━━━━━ Provided material ━━━━━
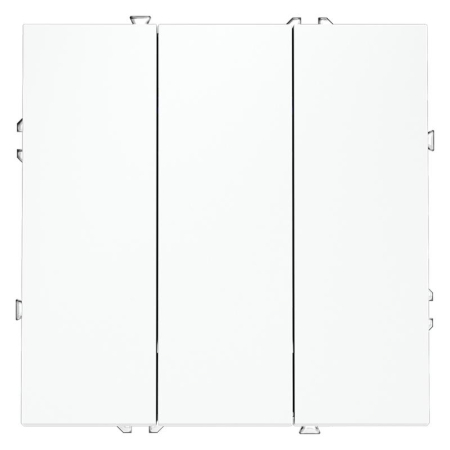 Выключатель 3-кл. СП S70 10А механизм бел. матов. Voltum VLS030102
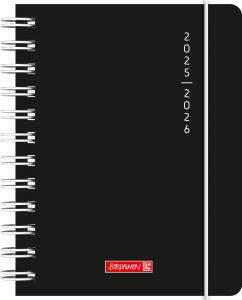 2025/2026 Brunnen Schülerkalender „Plain Black“ A6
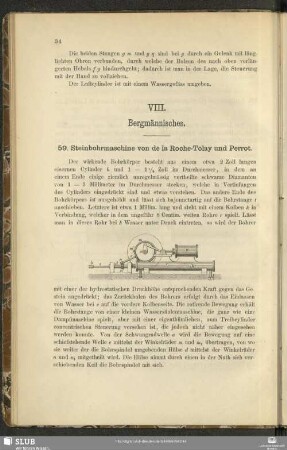 VIII. Bergmännisches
━━━━━
→ What the task requires: Set down the material above exactly. Skip any picture.

→ Solution to the problem:
 Выключатель 3-кл. СП S70 10А механизм бел. матов. Voltum VLS030102
 2025/2026 Brunnen Schülerkalender „Plain Black“ A6
 VIII. Bergmännisches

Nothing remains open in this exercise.